-- Exercise material follows --

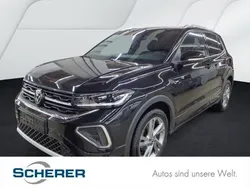 Deep blackperleffekt (metallic) Gebraucht 2024 VW T-Cross R-line SUV | 26.690 € (Fairer Preis)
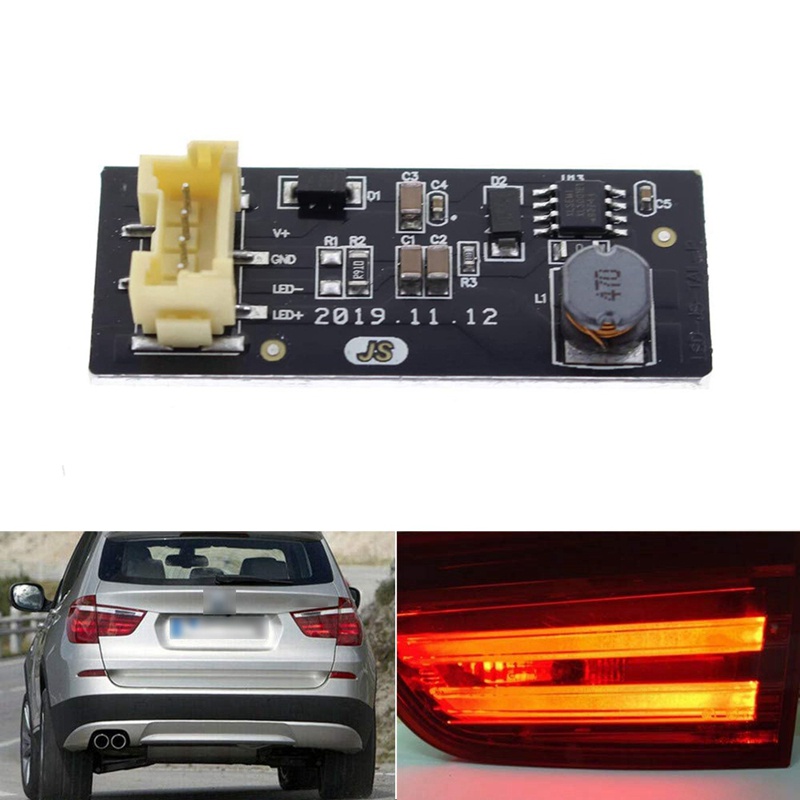 B B B B B B B B003809Set 2 Chip Điều Khiển Đèn Led Đuôi Xe Thay Thế Cho BMW X3 F25 2010-17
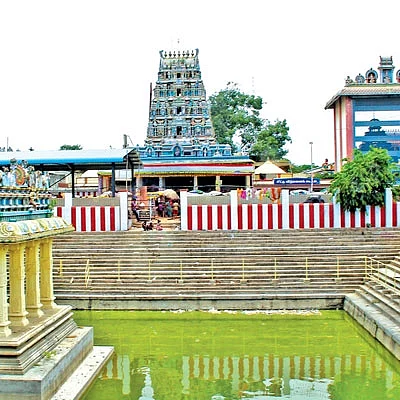 திருப்பங்கள் தரும் திரிசக்கர தரிசனம்!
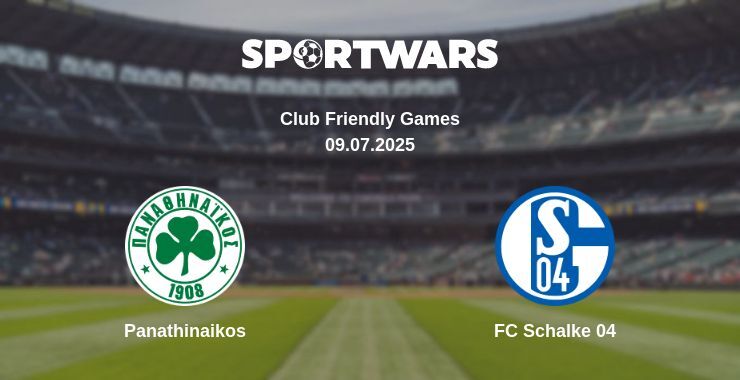Panathinaikos - FC Schalke 04 watch online broadcast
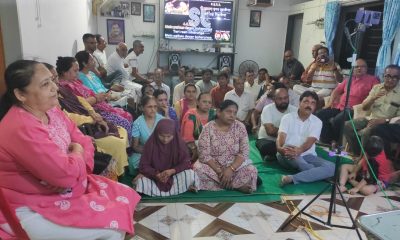 The confluence of Rafi-Latta-Mukesh-Kishore... Old songs rained at the house of Amin Soda Wala in Sihore.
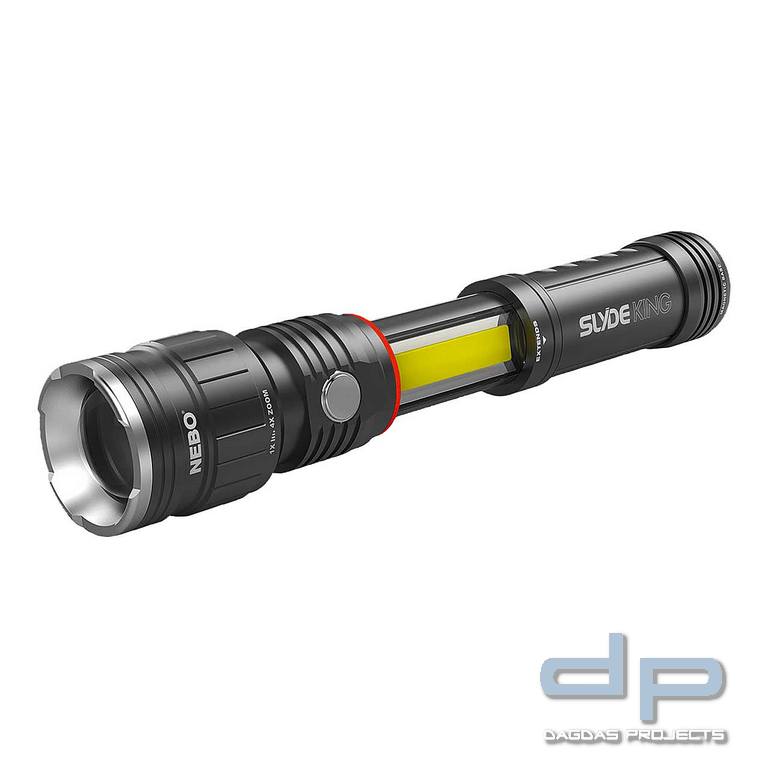 NEBO LED Taschenlampe SLYDE KING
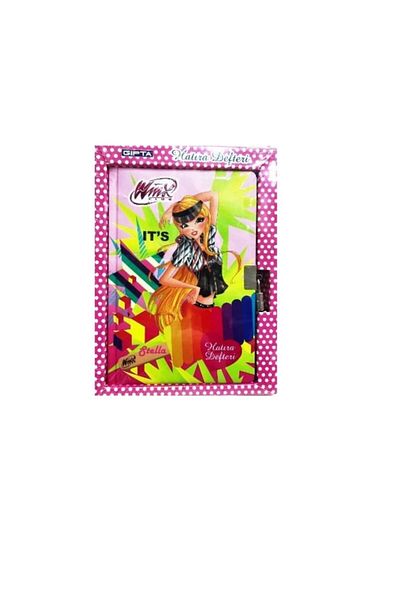 Gıpta كتاب تذكاري وينكس مقفل 14x20 غطاء صلب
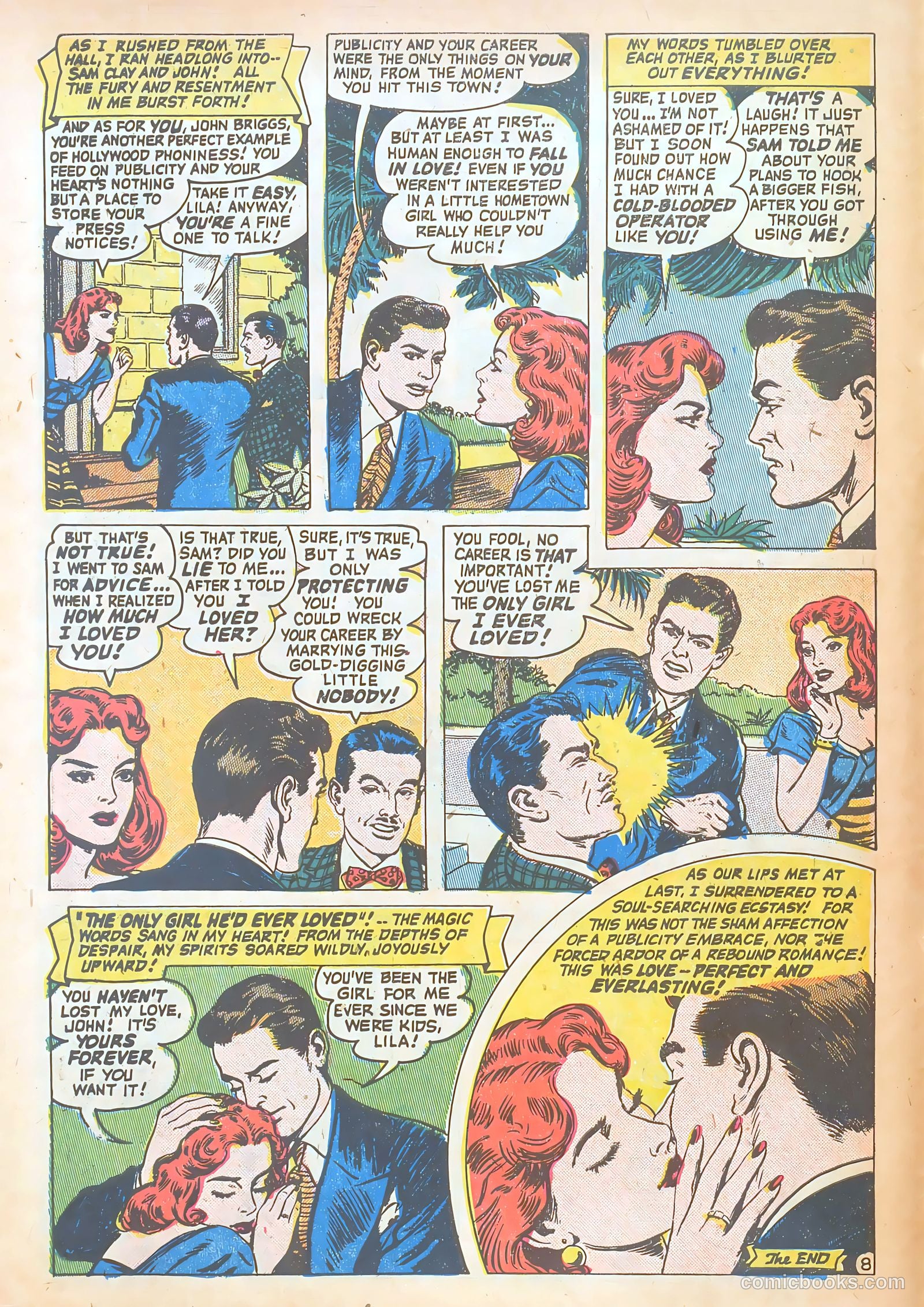 Lovelorn #29 (1952) — page 10 of 36
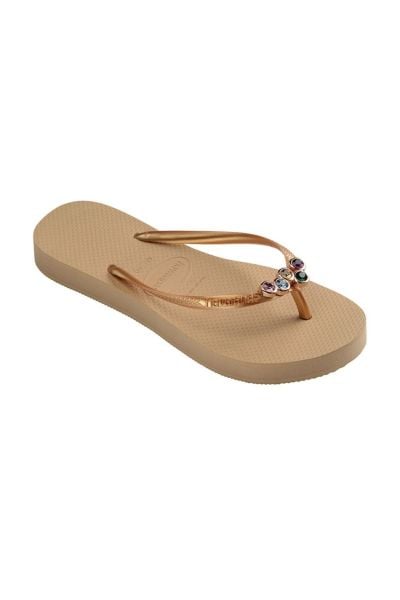 Havaianas Slim Flatform Luxury Golden Kadın Terlik 4148929-0570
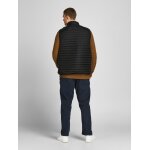 Ανδρικό Γιλέκο PLUS SIZE Jack & Jones 12205347 Μαύρο - Image 3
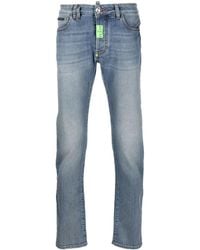 Philipp Plein - Hexagon Straight-Cut Jeans - Lyst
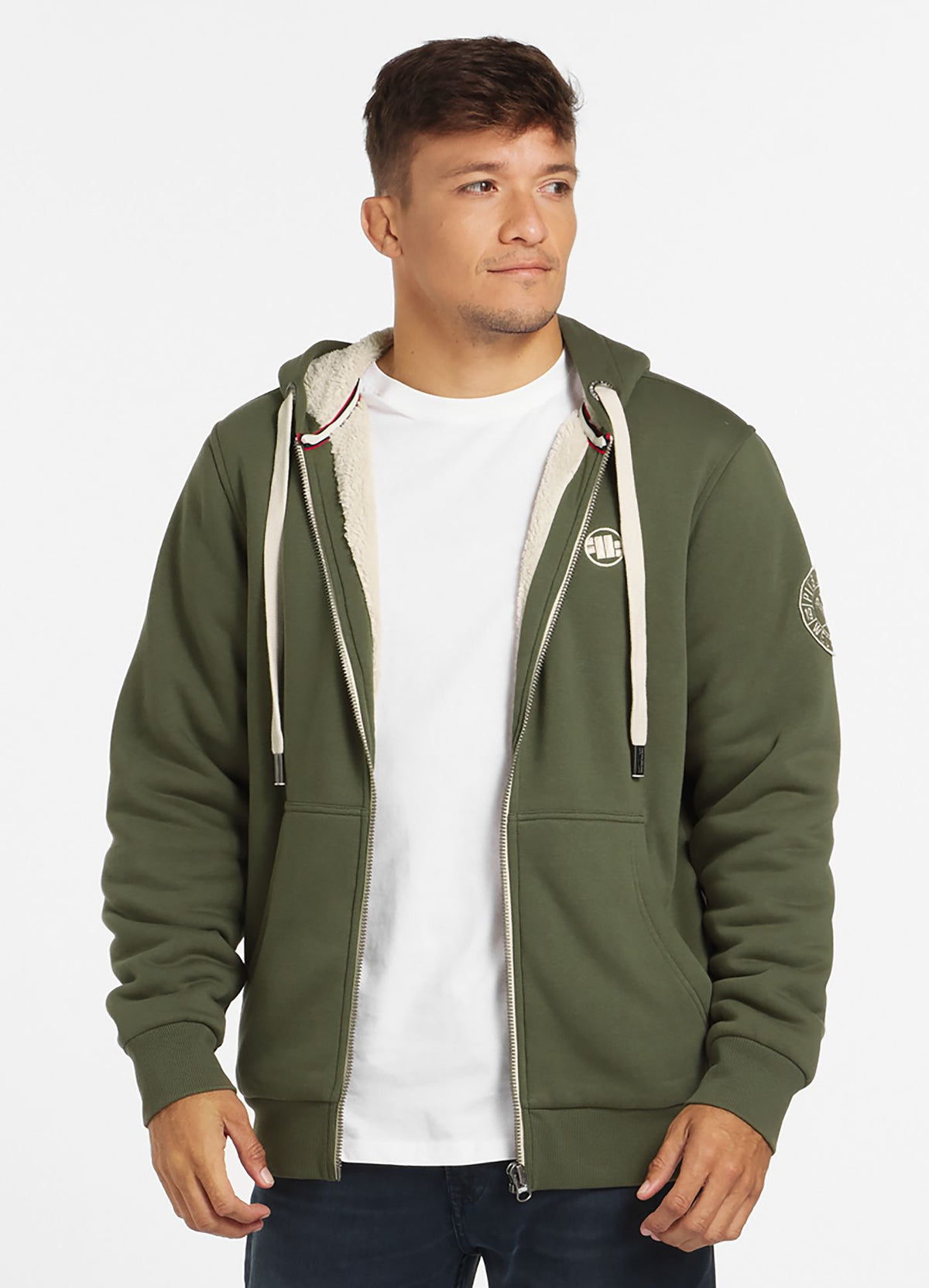 Men&#39;s Zip-up hoodie Sherpa Ruffin II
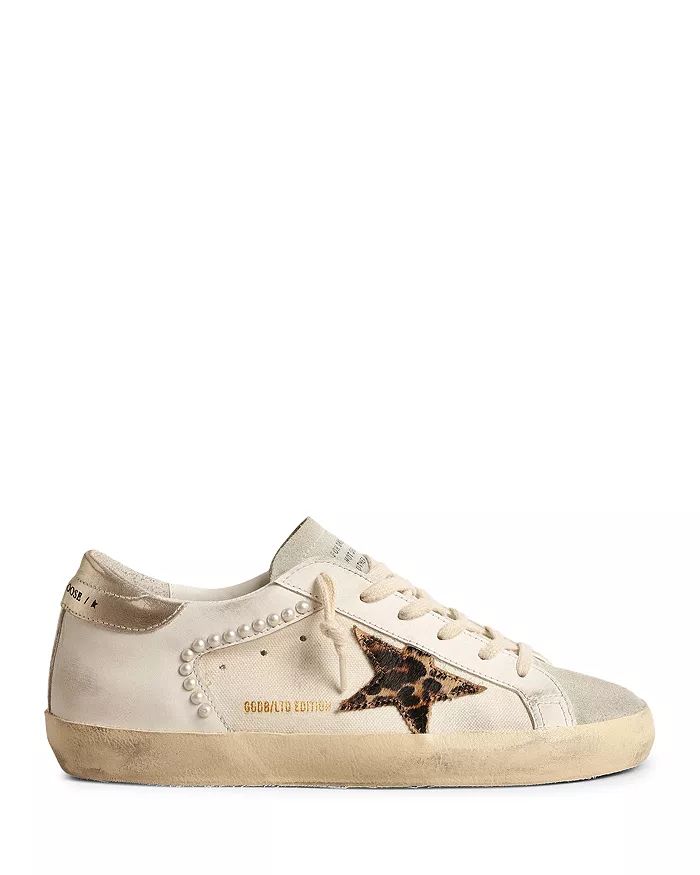 Golden Goose Women's Super-Star Low Top Sneakers Shoes - Bloomingdale's | Bloomingdale's (US)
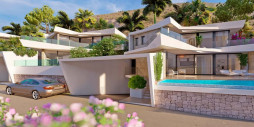 Nybyggnation - Villa - Benitachell - Benitachell Centro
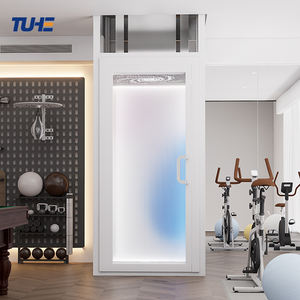 Sertifikat <span class=keywords><strong>Ce</strong></span> 300kg Lift dometik 2-4 lantai Lift penumpang Pvc Modern untuk perumahan rumah Ac Gearless Mall - Product Image 3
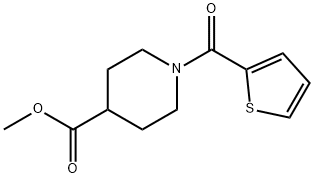 Methyl 1-(thiophene-2-carbonyl)piperidine-4-carboxylate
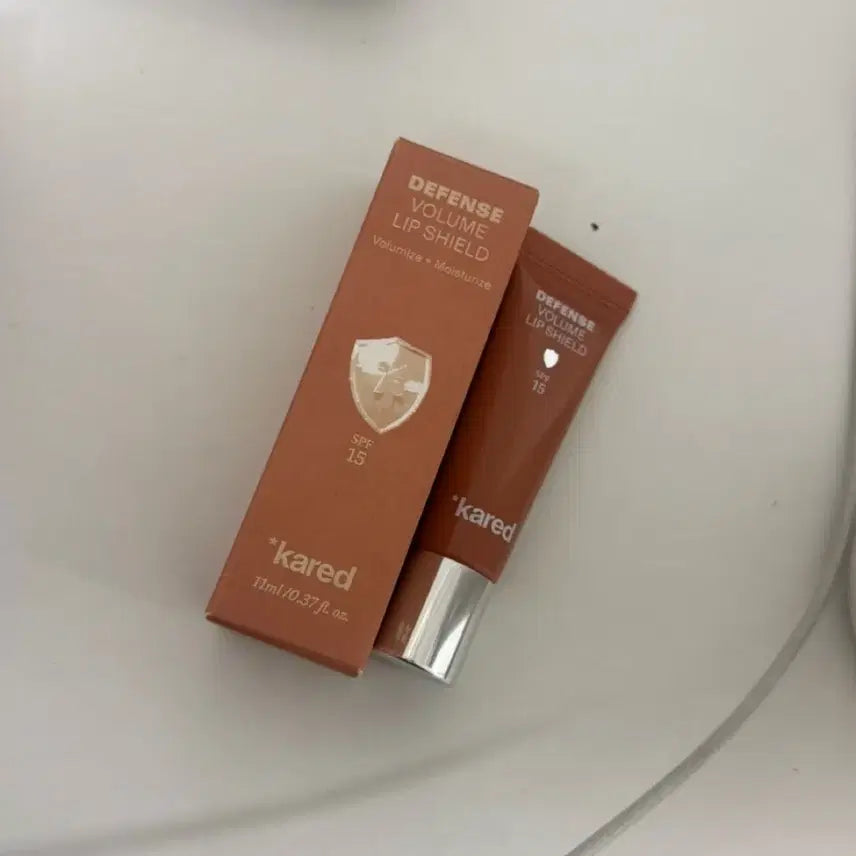 [BUNJANG] Cared Defense Volume Lip Shield Kind Beige / [새상품] 케어드 디펜스 볼륨 립 쉴드 카인드 베이지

-- Exercise material concluded --

* **Work to be completed**
Exactly as written above, retype the lines starting at the one holding "Lovelorn #29 (1952) — page 10 of 36" and ending at the one holding "Golden Goose Women's", both included, but not the pictures.

* **Response**
 Lovelorn #29 (1952) — page 10 of 36
 Havaianas Slim Flatform Luxury Golden Kadın Terlik 4148929-0570
 Ανδρικό Γιλέκο PLUS SIZE Jack & Jones 12205347 Μαύρο - Image 3
 Philipp Plein - Hexagon Straight-Cut Jeans - Lyst
 Men&#39;s Zip-up hoodie Sherpa Ruffin II
 Golden Goose Women's Super-Star Low Top Sneakers Shoes - Bloomingdale's | Bloomingdale's (US)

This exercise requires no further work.